I don't have dates yet, but am looking for anyone that has a normal mid-term (3-month to 6-month) rental in Coatepec, Veracruz Mexico. (Xico would be acceptable or any other areas close by, altho' prefer not Xalapa - will take what I can get in the end).

If you have a rental, at the time I know the dates I can contact. Please provide all costs. Would be interested in car as well, if this comes with rental. Would need for 3 months minimum.
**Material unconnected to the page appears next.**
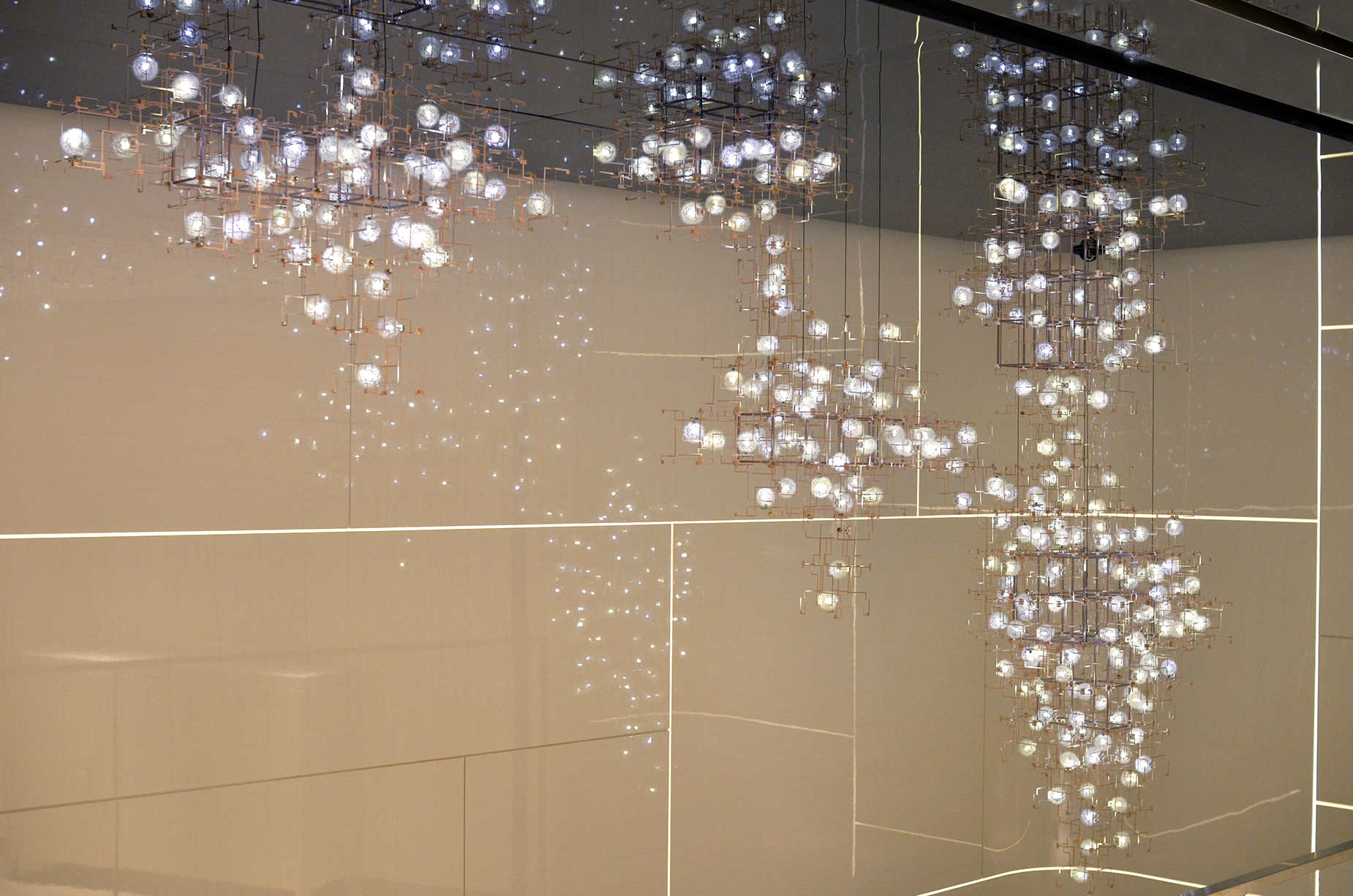 Public commission Louis Vuitton, Hong Kong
Hopefully, I will get enough responses I can get the dates I need when I know what they are.

Thanks


----------



## joaquinx (Jul 3, 2010)

ZTraveler said:


> I don't have dates yet, but am looking for anyone that has a normal mid-term (3-month to 6-month) rental in Coatepec, Veracruz Mexico. (Xico would be acceptable or any other areas close by, altho' prefer not Xalapa - will take what I can get in the end).
> 
> If you have a rental, at the time I know the dates I can contact. Please provide all costs. Would be interested in car as well, if this comes with rental. Would need for 3 months minimum.
> 
> ...


I wish you luck on this search. I live in Xalapa and I have tried to find an apartment in Coatepec without luck. It seems that apartments there are few and seldom for rent. Most of the rentals are houses, small and large. Even the on-line listings have very, very few, if any, listed for Coatepec. However, there are at least two real estate brokers in town that, at times, have listings for casitas to rent. As I was looking for long-term rental, I can't give you any information of short-term rentals.
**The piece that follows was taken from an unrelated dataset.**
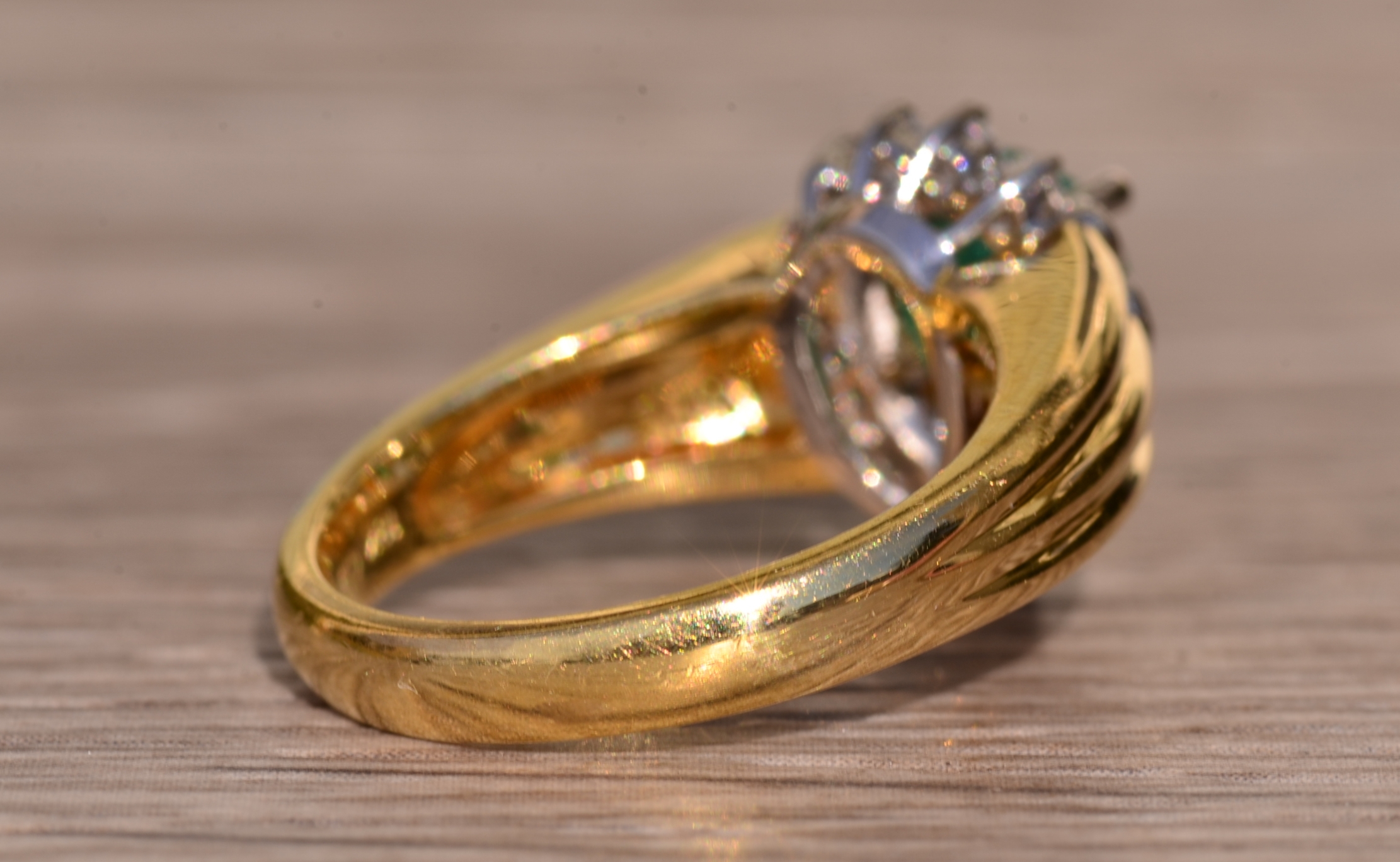 SOLD - The Muso: Vintage Ring set with 1.25 Carat Vivid Green Natural Emerald with Diamond Halo - Image 5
My suggestion is to hotel it either in Xalapa or Coatepec and hit those real estate offices and/or walk around town looking for "se renta" signs.


----------



## ZTraveler (Jun 8, 2011)

joaquinx said:


> My suggestion is to hotel it either in Xalapa or Coatepec and hit those real estate offices and/or walk around town looking for "se renta" signs.


Thanks! Last time I was there I had the same concerns, which is why I am starting early. Thanks!

If you hear of anything, or if those two offices have websites I could look at, please let me know...

Muchas gracias


----------



## joaquinx (Jul 3, 2010)

ZTraveler said:


> If you hear of anything, or if those two offices have websites I could look at, please let me know...
> 
> Muchas gracias


Can do.


----------